But maybe I shouldn't be surprised at all. Time has become the ultimate commodity. We can't make more of it, and there's never enough. Due to the wonders of technology, we're now 100% connected at almost every moment of our day, so time away from the office no longer means what it did a few years ago. Technological innovation is also responsible for helping us better manage our limited time. TiVo is the ultimate "time-shifting" device. Why waste 2 minutes and 2 seconds watching commercials when you can fast-forward to the magic of Chuck Woolery making a Love Connection?
Given its scarcity, quantifying the value of time has become a priority for advertising executives. A 30-second commercial costs more to air than a 15-second one. Print ads are measured by the number of readers as well as the length of time they are viewed. Supermarkets value store shelves and end caps by how long people linger in those specific spots. For those who buy media, there's a comfort level to these familiar models. Getting more "time" feels like it is worth spending more for.
Yet marketers demand more than time from consumers. They demand "engagement," or the blend of time and attention. (If you've ever left the TV on in the background while doing something else, you know what I mean.) In other words, marketers don't just strive for time. They strive for well-spent time in which the viewer is participating with the brand's message. Looked at in this light, engaged time may be the ultimate starting point to build a framework for an effective media buy.
The latest research in our series of whitepapers on how to value conversations, BzzAgent explores the question: Where do your dollars drive the greatest time and attention for a consumer? Stripping away all other factors, how does a consumer recommendation stack up against other media forms on the basis of time? On average, we spend more than 6 minutes engaged with someone else when we're sharing our opinions or discussing brands. And short of being a painfully shy shoe gazer or suffering from a BlackBerry addiction, most of us actually do listen closely when talking with others. Does this level of engagement make word of mouth more valuable than other forms of media?
Few would argue against the credibility that comes from a peer recommendation, but the real question comes down to how a marketer can value conversational media against everything else they're buying. Maybe the ultimate measure is much simpler than trying to tease out CPx-type results from each impression. Maybe the true measure of the value can be found in a single rhetorical question: How much is your time worth to you?

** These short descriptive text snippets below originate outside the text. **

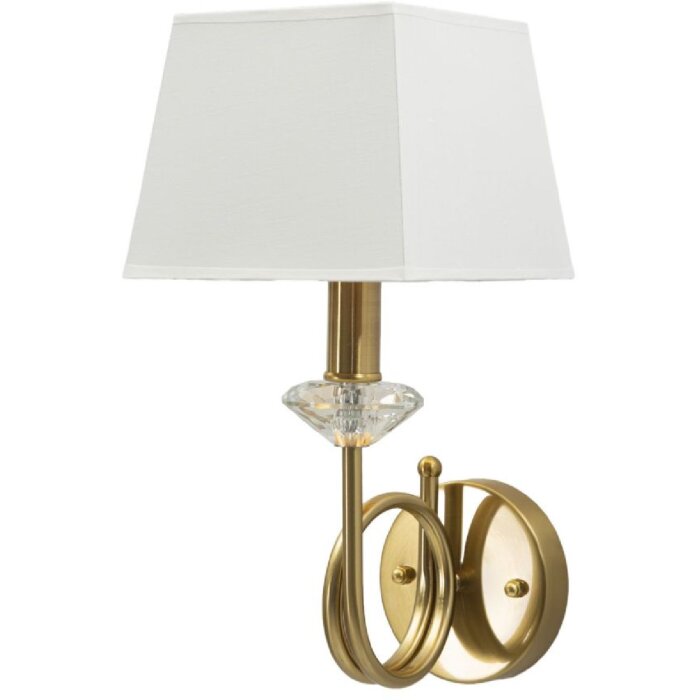 Mauro Ferretti Wandleuchte Salzburg Eisen Glas Stoff gold weiß 18x24x40 cm E14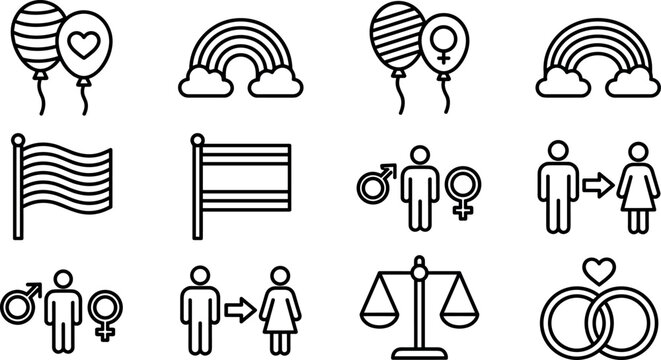 LGBTQ Pride and Gender Equality Icon Set with Rainbows Pride Flags Gender Symbols Transitioning Figures and Wedding Rings Line Vector Illustrations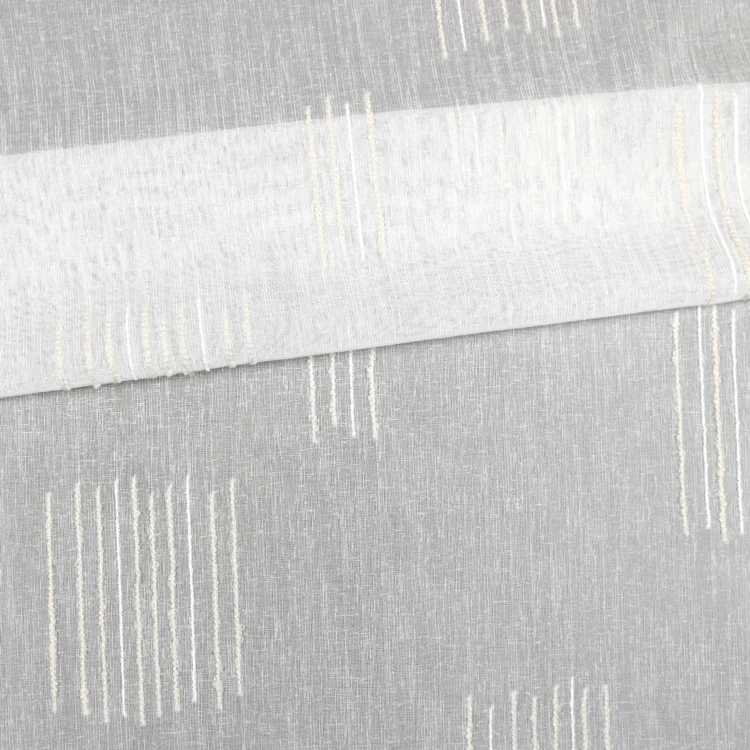 Tissu voilage jacquard à motifs lignes en relief et bas plombé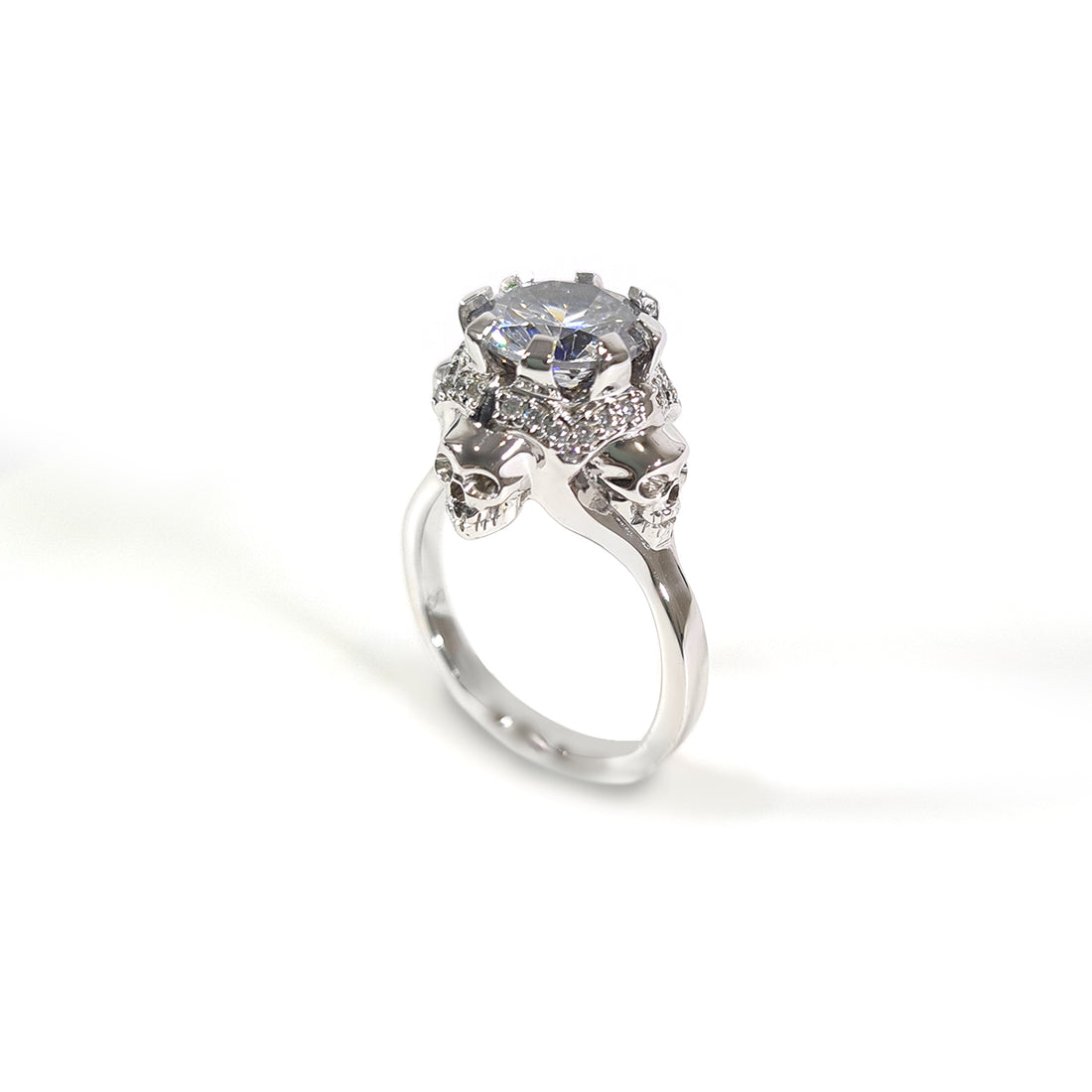 1.45TCW Diamond Skull Wedding Ring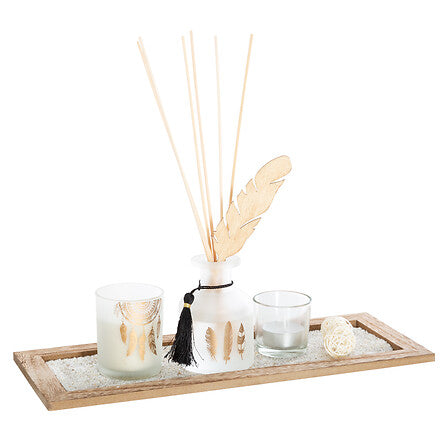 Feather tray scent gift set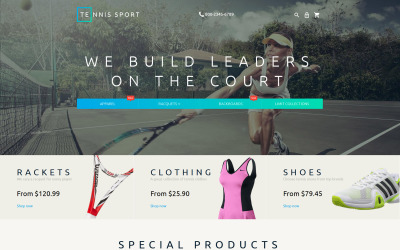 "Tennis Accessories Magento Theme" Responsive Magento Thema №55768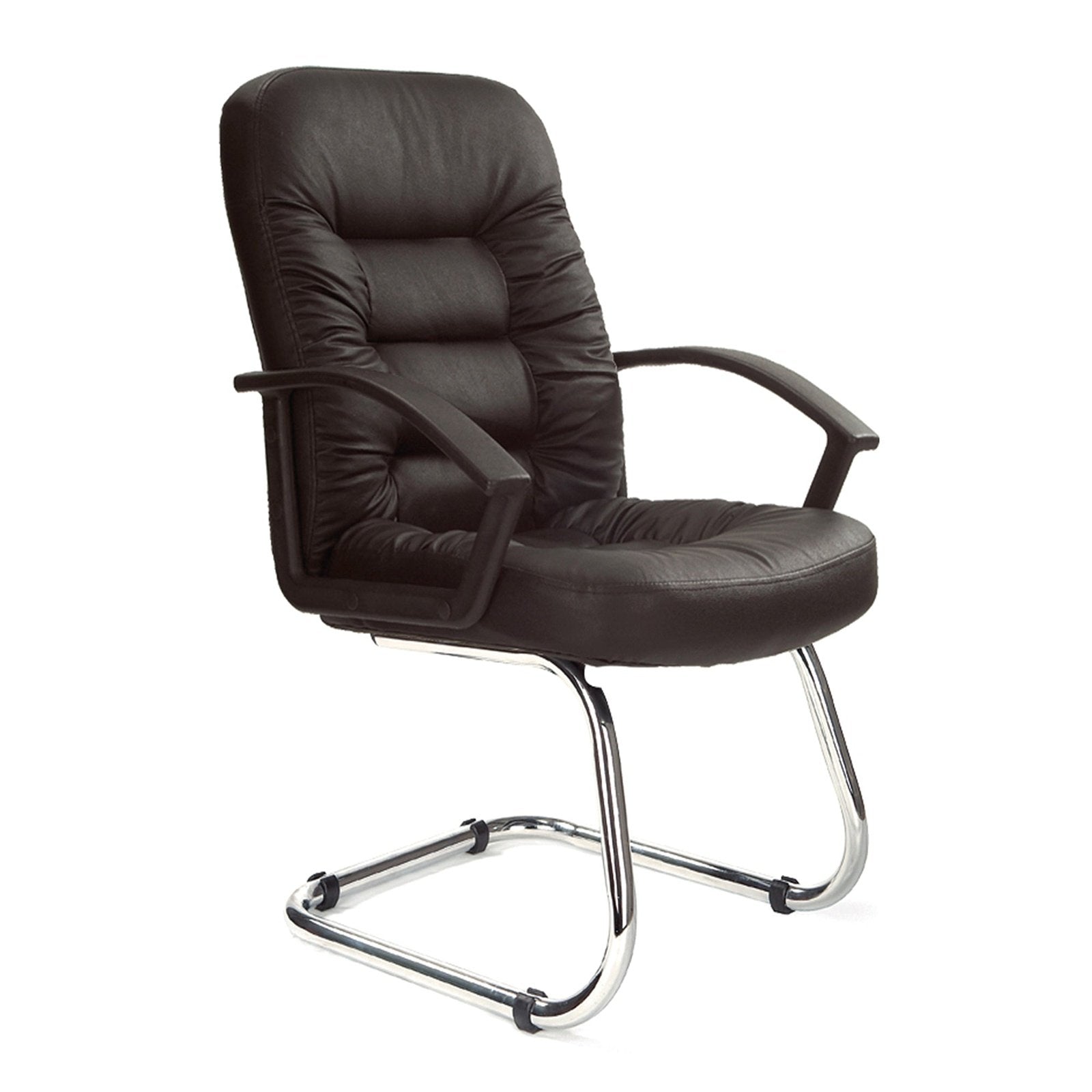 High Back Leather Faced Executive Visitor Armchair with Ruched Panel Detailing and Chrome Cantilever Base - Black - Office Products Online
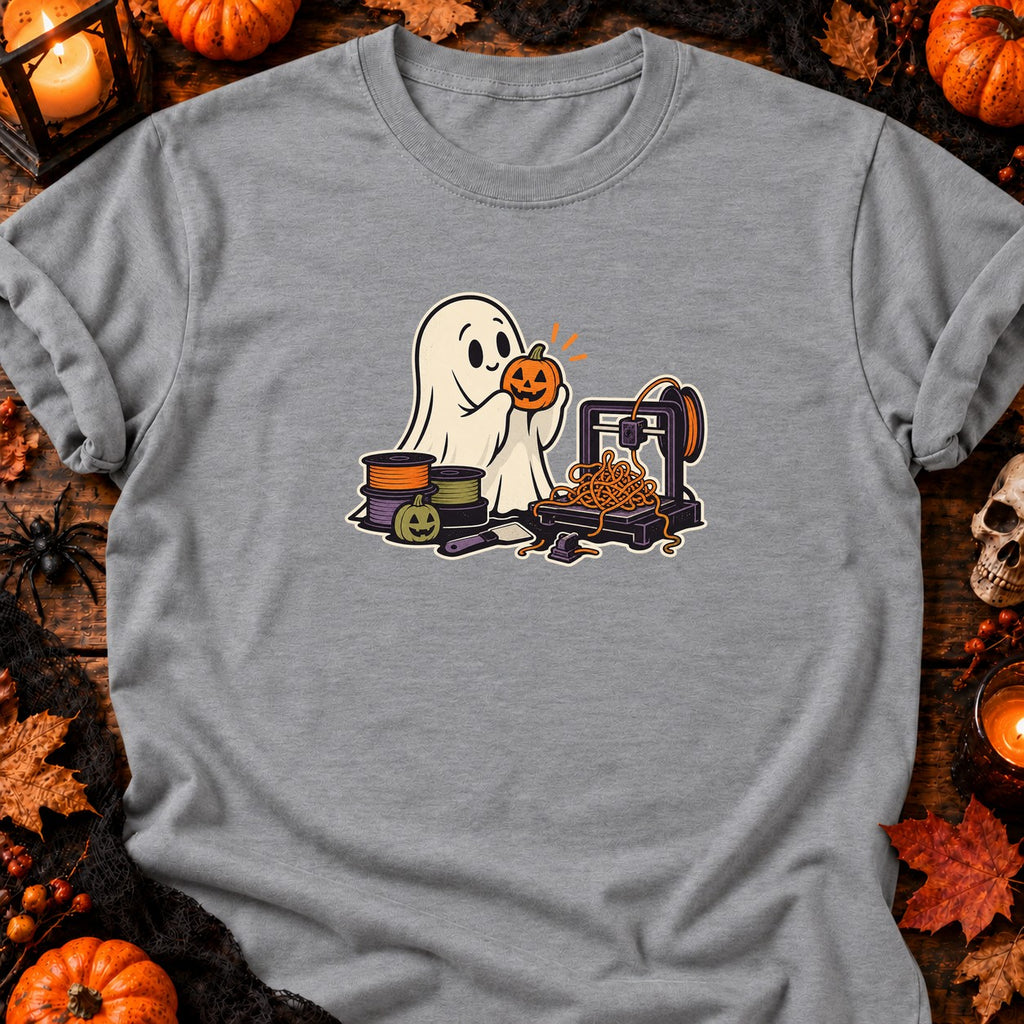 Fantôme et filament spaghetti — T-shirt gris chiné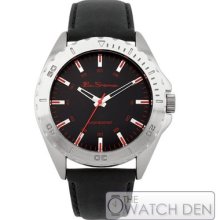 Ben Sherman - Men's Black & Red Dial Black Leather- R912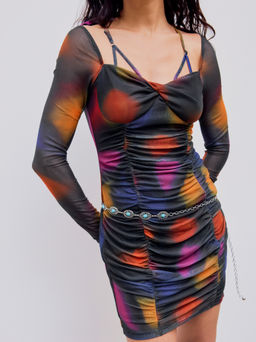 Cider - Mesh Sweetheart Ruched Mini Dress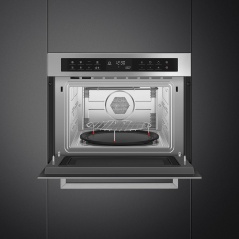 SMEG KOMPAKT-MIKROWELLENBACKOFEN SF4120MCS SILBERGLAS DESIGNLINIE L...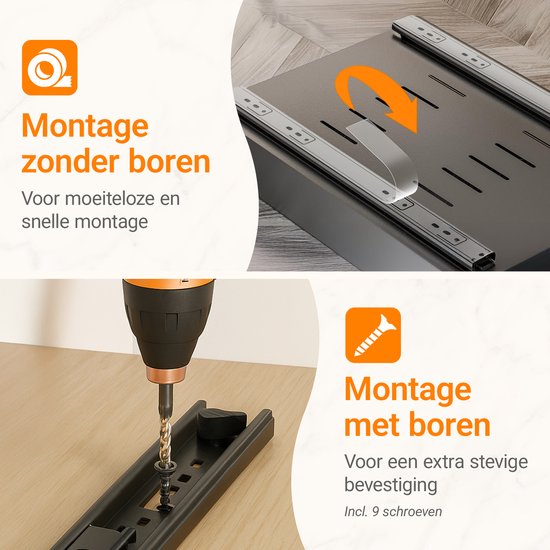 Posity Schuiflade – Keukenkast Organizer – Gootsteenkast/Lade Organizer - binnenlade keuken – Uittrekbaar en Verstelbaar (32-52 cm) – Telescopisch – Zwart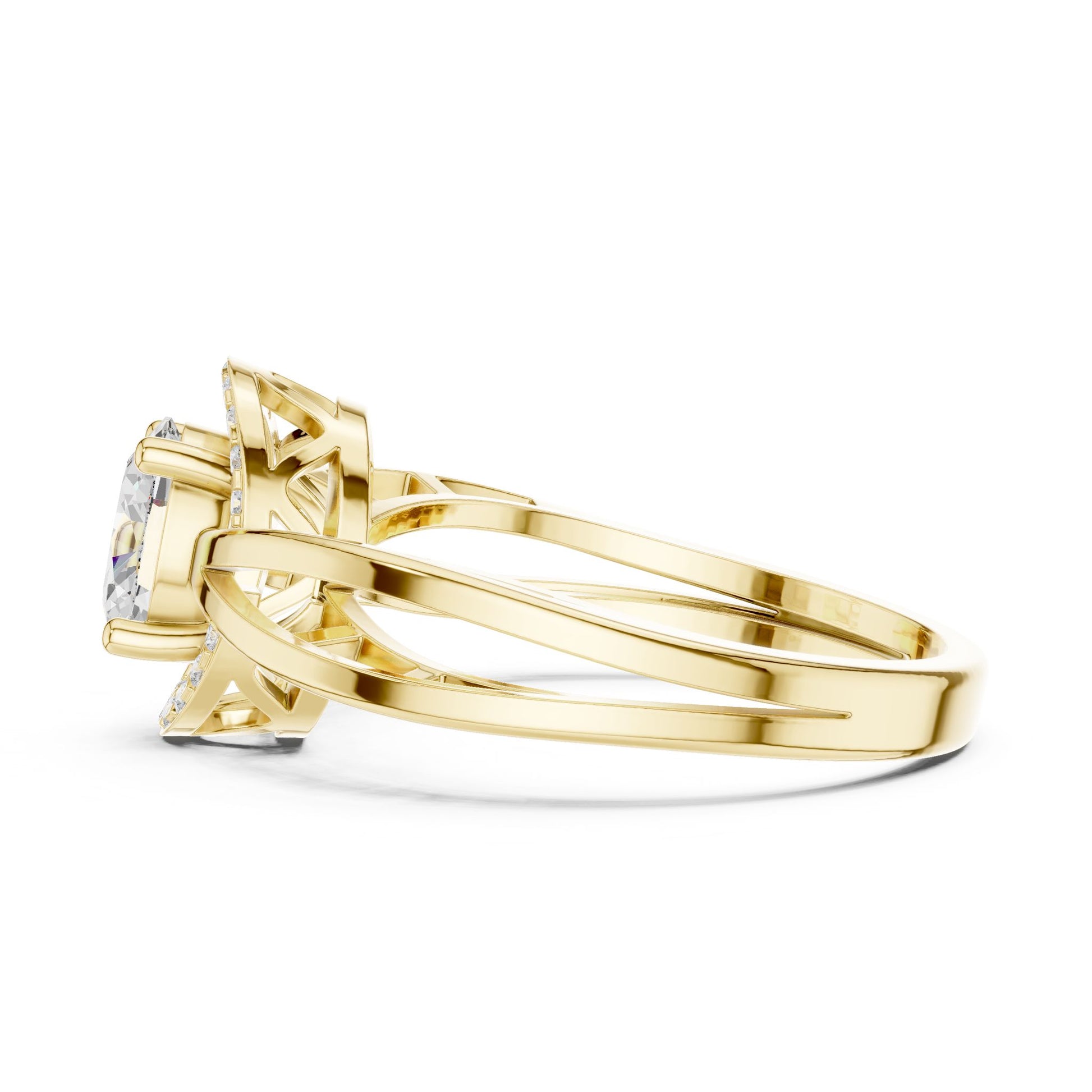 Oval Lab Grown Diamond Halo Engagement Ring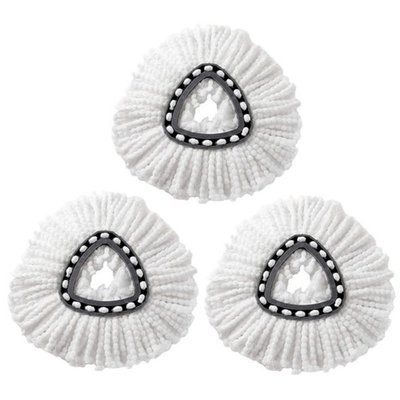 3Pcs 360 Rotation Cotton Yarn Microfiber Mop Heads Refills R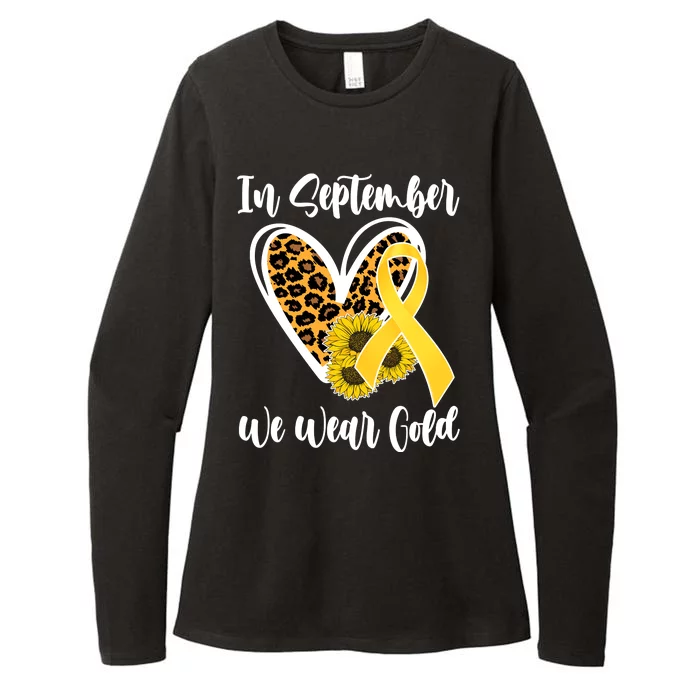 In Septemeber We Wear Gold Childhood Cancer Womens CVC Long Sleeve Shirt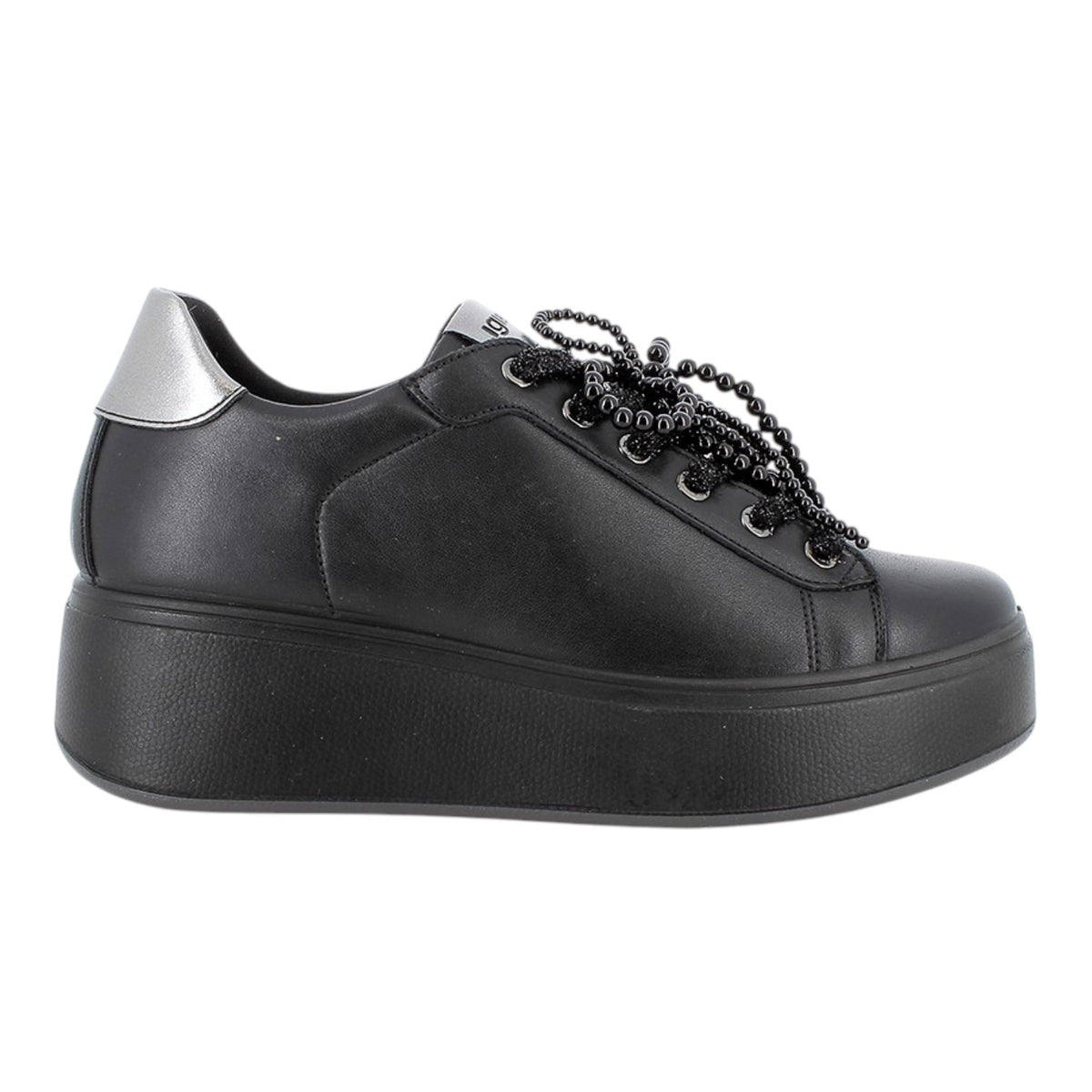 Igi&Co Sneakers Donna Platform in Pelle Nera con Accessorio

One of my employees lives in a modern-era cabin located some two hours west of Boston. There's a rumor that he heats his home with a wood-burning stove. He recently told me his home computer is Internet-enabled, but he rarely turns it on during the weekend. And if he does, he doesn't check his email or browse the Web. We used to wonder what it was like to be a Luddite. To be truly off the grid. Of course, some thought he must be crazy. But given how little time we all have to dedicate to the things that matter, we now realize he's probably the sanest of all of us.